Importance Score shows how vital a Table object is across the database based on the number of relationships and the lineage (downstream objects) associated with the Table.

The Importance score is calculated based on the below formula:

Importance score = [200 X (no. of rows in the Table/Max row count in schema no. of columns)] + [0.1 X no of Important Columns] + [no of downstream X 7] + [PK or FK X 3].

Type

It denotes whether the object is a Table, View, API, or Materialized_View

Last Meta Sync Date

The Last Meta Sync Date indicates the date of the last crawl for data objects that have undergone changes in the remote source.  It represents the synchronization of metadata between OvalEdge and the remote source.

Example: Let's assume on January 4th at 4:00 AM, a column in the "Customers" table had its width changed from 100 to 200 in the remote database.
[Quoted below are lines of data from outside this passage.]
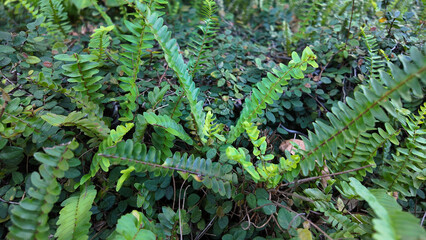 Aug 10 2025 Lush Greenery with Ferns and Plants in a Natural Setting Outdoors
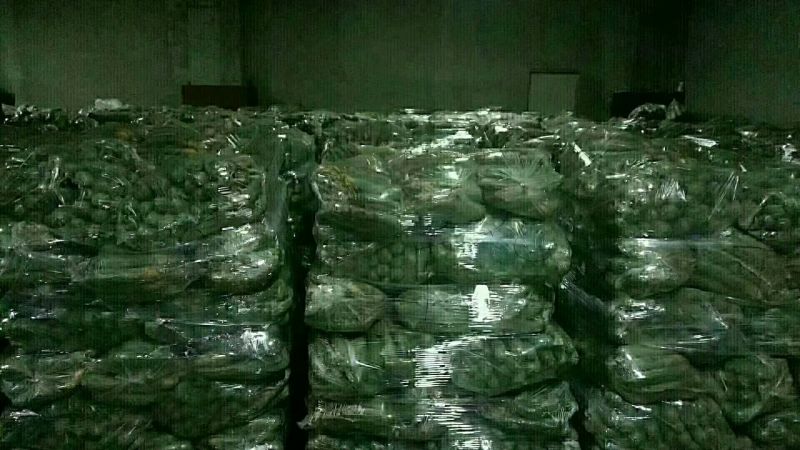 正宗潍县萝卜，产地直供，大量批发。各种品种应有尽有。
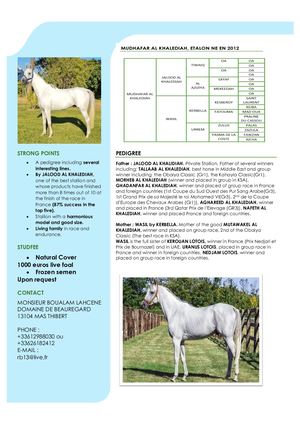 Mudhafar Al Khalediah Version English Combiné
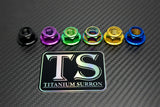 M8 Titanium Grade 5 DIN 6923 Hex Flange Nut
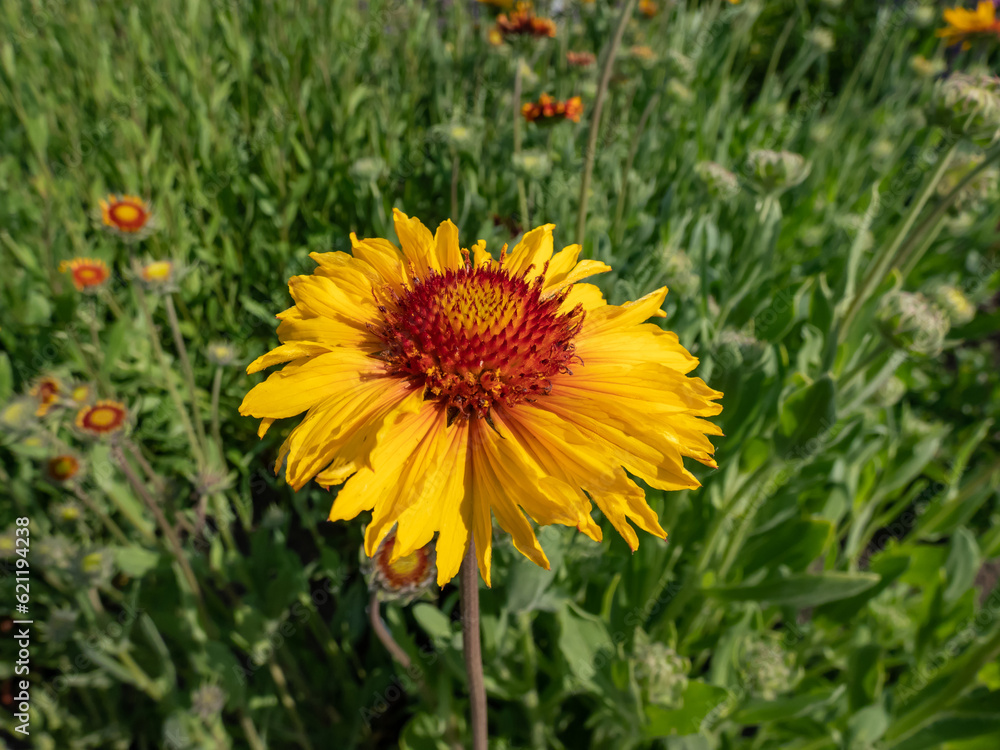 Great Blanket Flower (Gailardia aristata) boasting daisy-like yellow and orange flower heads in the garden in summer Great Blanket Flower (Gailardia aristata) boasting daisy-like yellow and orange flower heads in the garden in summer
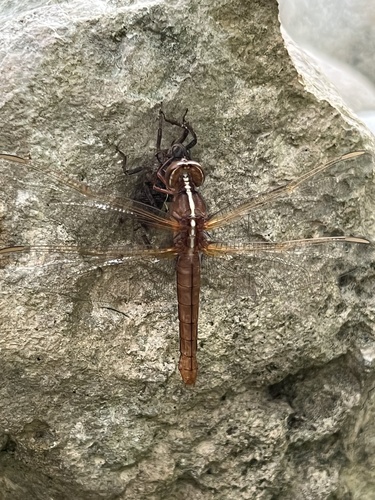 Neon Skimmer photo 3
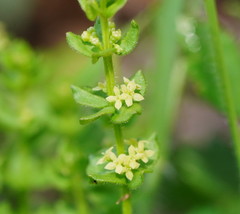Galium leiocarpum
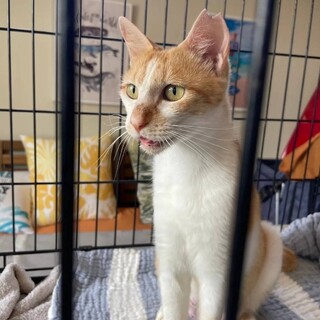 とってもおしゃべり甘えん坊な4兄弟の母♡　ララァ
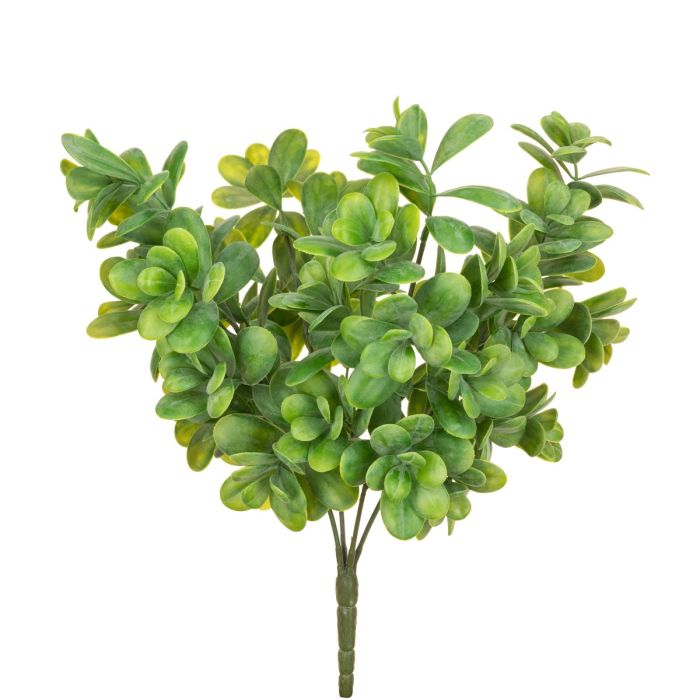 Giant Boxwood 42cm Bush UV Protected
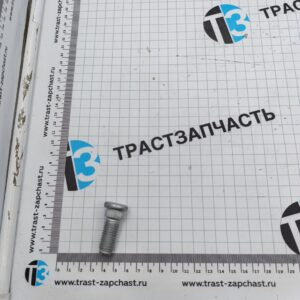 Шпилька колесная передняя TR > 06-14 (M14x39 шаг 2мм) W711019S439/1370439 GNG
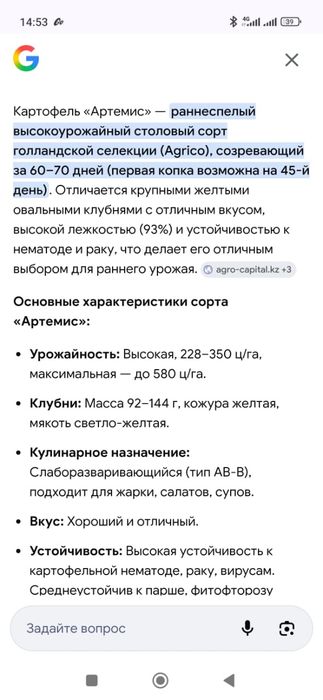 Семена раннего картофеля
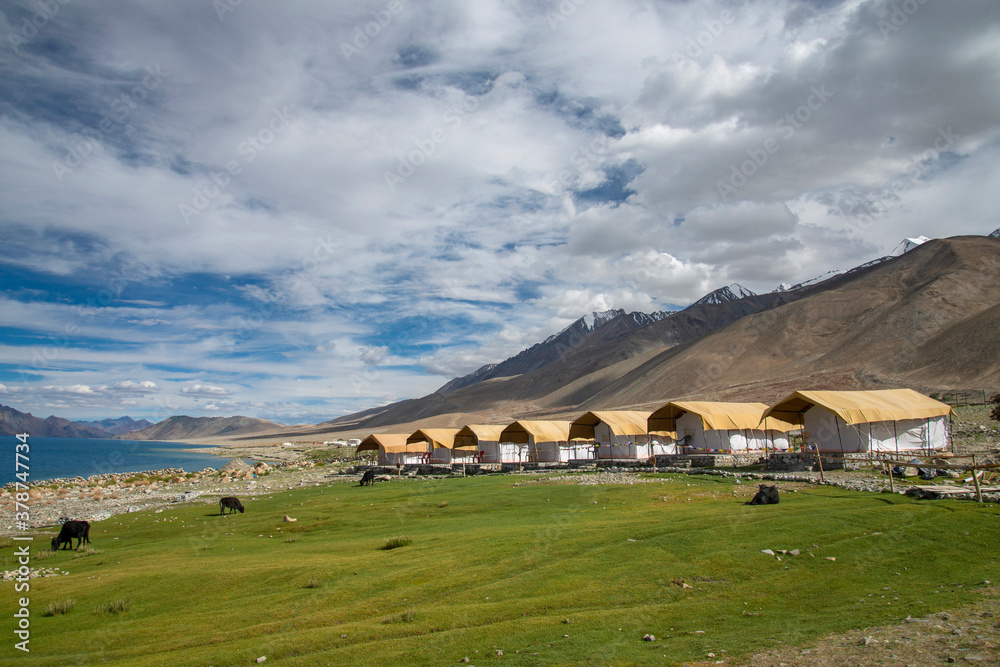 Tourist Camps near Pangong Tso, Ladakh, India. Pangong lake is an endorheic lake in the Himalayas situated at an elevation of 4,225 m Tourist Camps near Pangong Tso, Ladakh, India. Pangong lake is an endorheic lake in the Himalayas situated at an elevation of 4,225 m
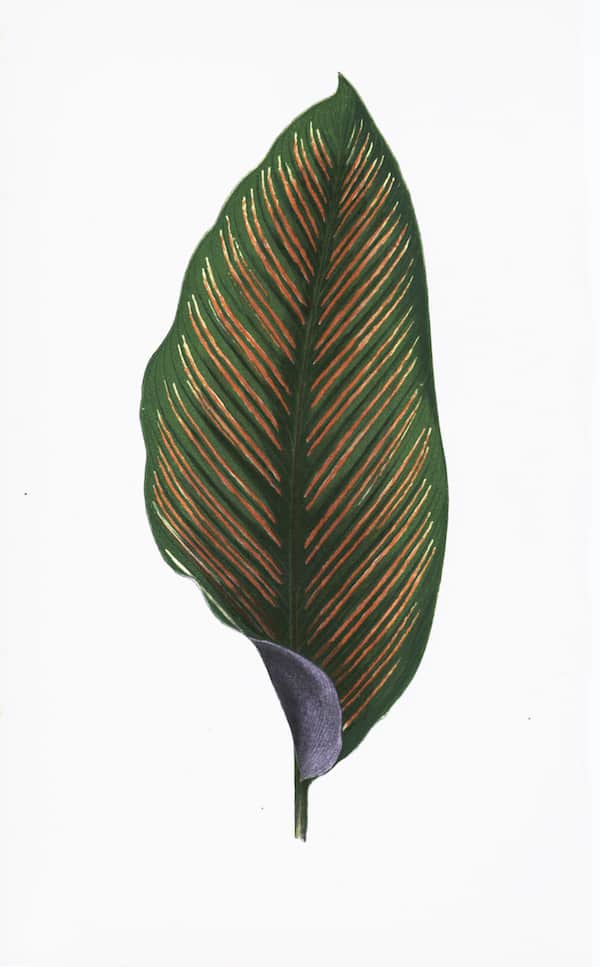 ENGLISH LEAVES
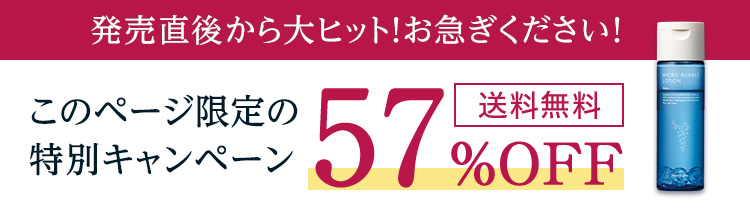 このページ限定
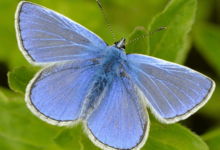 Blue:H-Ak2r9tiiq= Butterfly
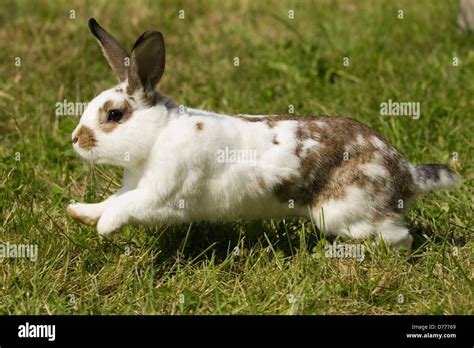 Side View Running Rabbit Hi Res Stock Photography And Images Alamy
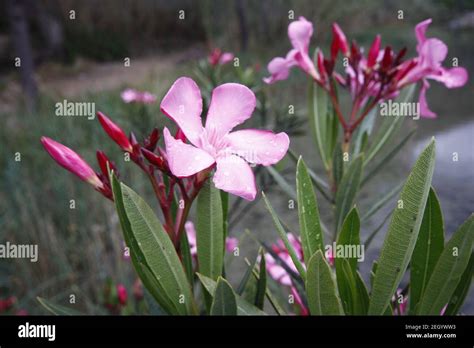 Flower Of A Pink Oleander Nerium Oleander With The Green Leaves In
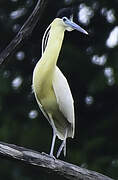 Capped Heron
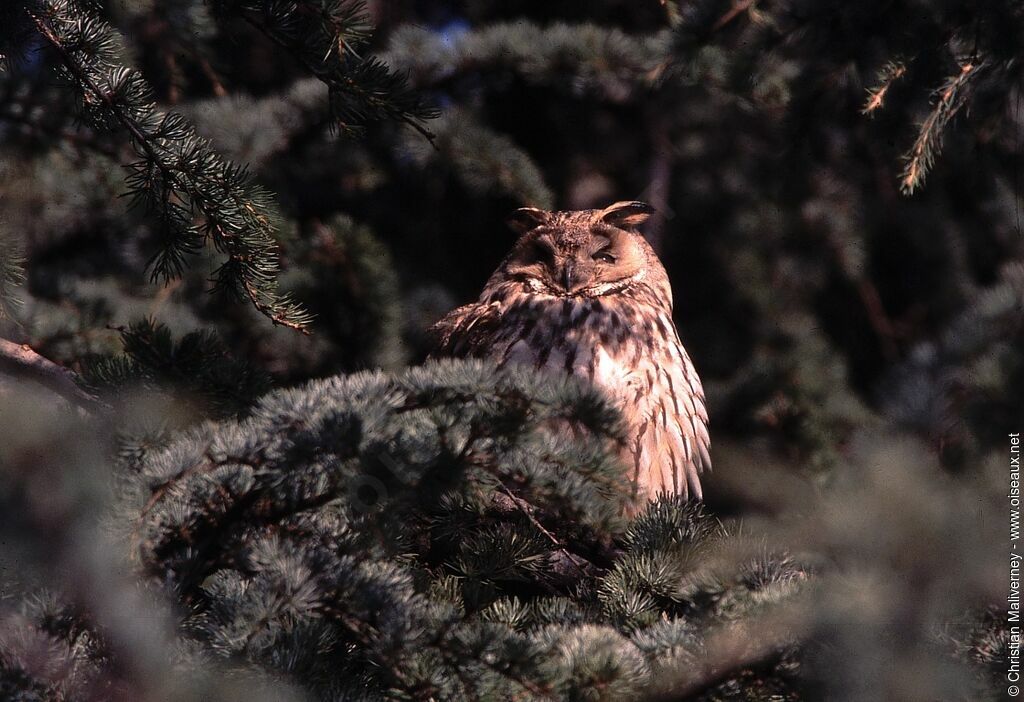 Long-eared Owladult post breeding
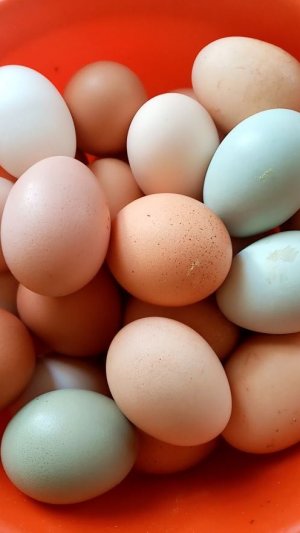 Три ЛУЧШИХ ингредиента для ХОРОШЕЙ яйценоскости.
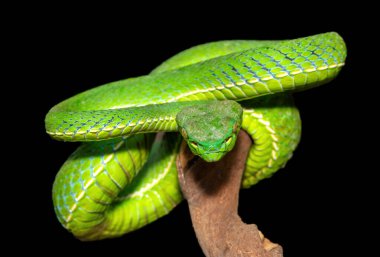 Güzel bir Vogel çukur engereğinin (Trimeresurus vogeli) bir dala sarılmış yakın çekimi. Güneydoğu Asya 'ya özgü renkli zehirli bir çukur engereği. Siyah bir arkaplana karşı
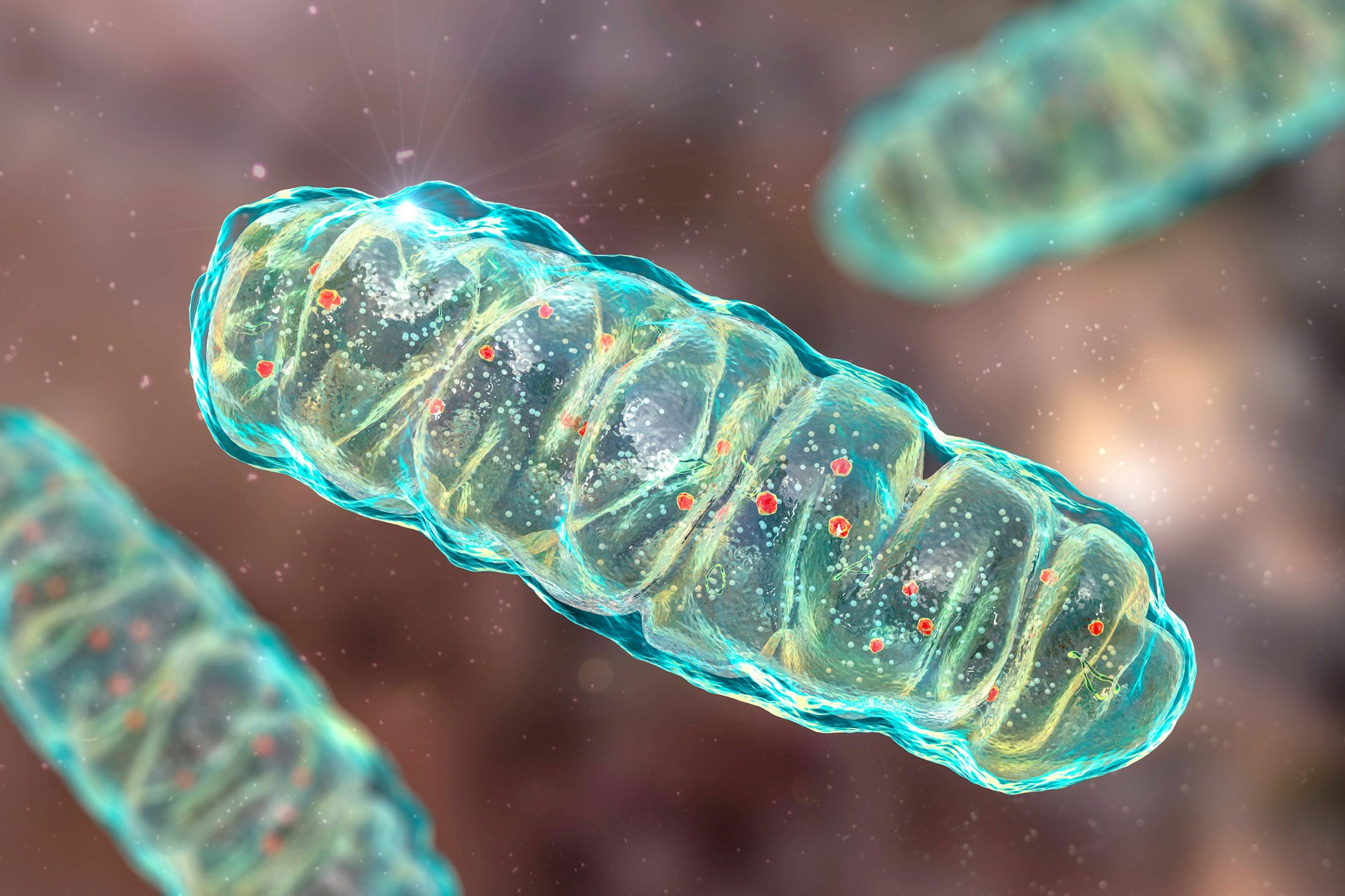 Computergenerierte Illustration von Mitochondrien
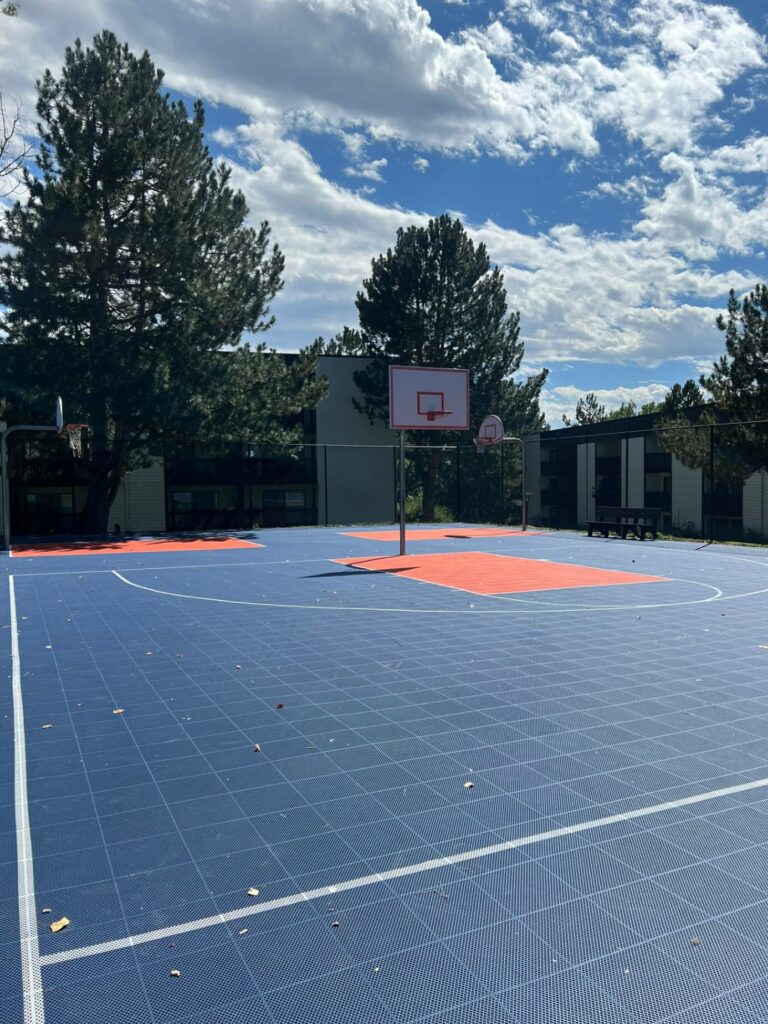 basketball court with three nets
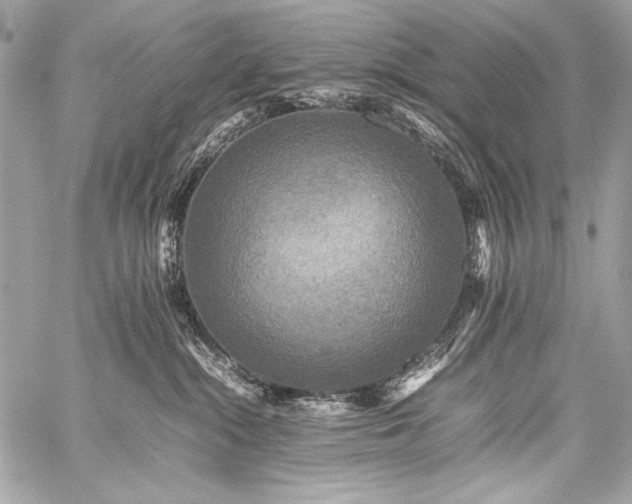 X0000059230284200510141045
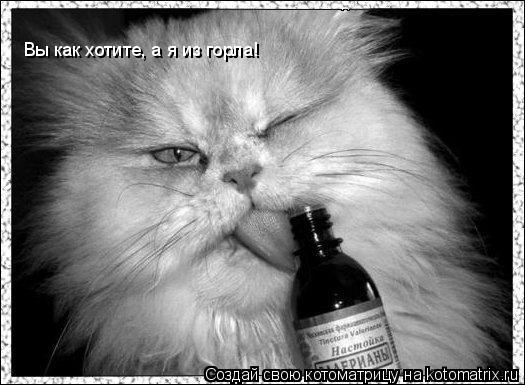 Вы как хотите, а я из горла!... Котоматрица: Вы как хотите, а я из горла!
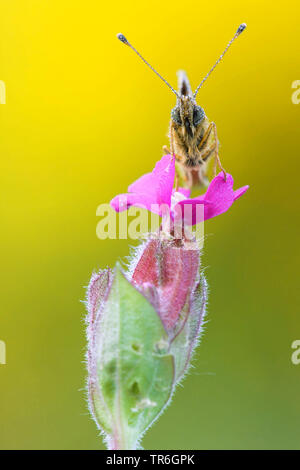 Kleine Perle - grenzt fritillary (clossiana Selene, boloria Selene), sitzend auf red Campion, Deutschland, Nordrhein-Westfalen, Bergisches Land Stockfoto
If OvalEdge crawls this data object on January 5th at 2:00 AM, the changes will be reflected in OvalEdge at that time, and the Last Meta Sync Date will be recorded as January 5th at 2:00 AM. 

However, if the "Customers" table is crawled again on January 8th without any changes made to the table, the Last Meta Sync Date will still display as January 5th at 2:00 AM, since the Last Meta Sync Date only updates when changes are made to the data object.

Row Count (Table)

Row count refers to the total number of rows or records present in a specific table.

Null Density (Table)

Null density provides valuable insights into the quality and completeness of data within a table level. Understanding the null density helps assess the extent of missing or unknown values in the dataset. It can indicate potential data issues, such as incomplete data entry or data extraction problems. 

A high null density suggests a significant proportion of missing values, which may impact the reliability of data analysis or statistical calculations. 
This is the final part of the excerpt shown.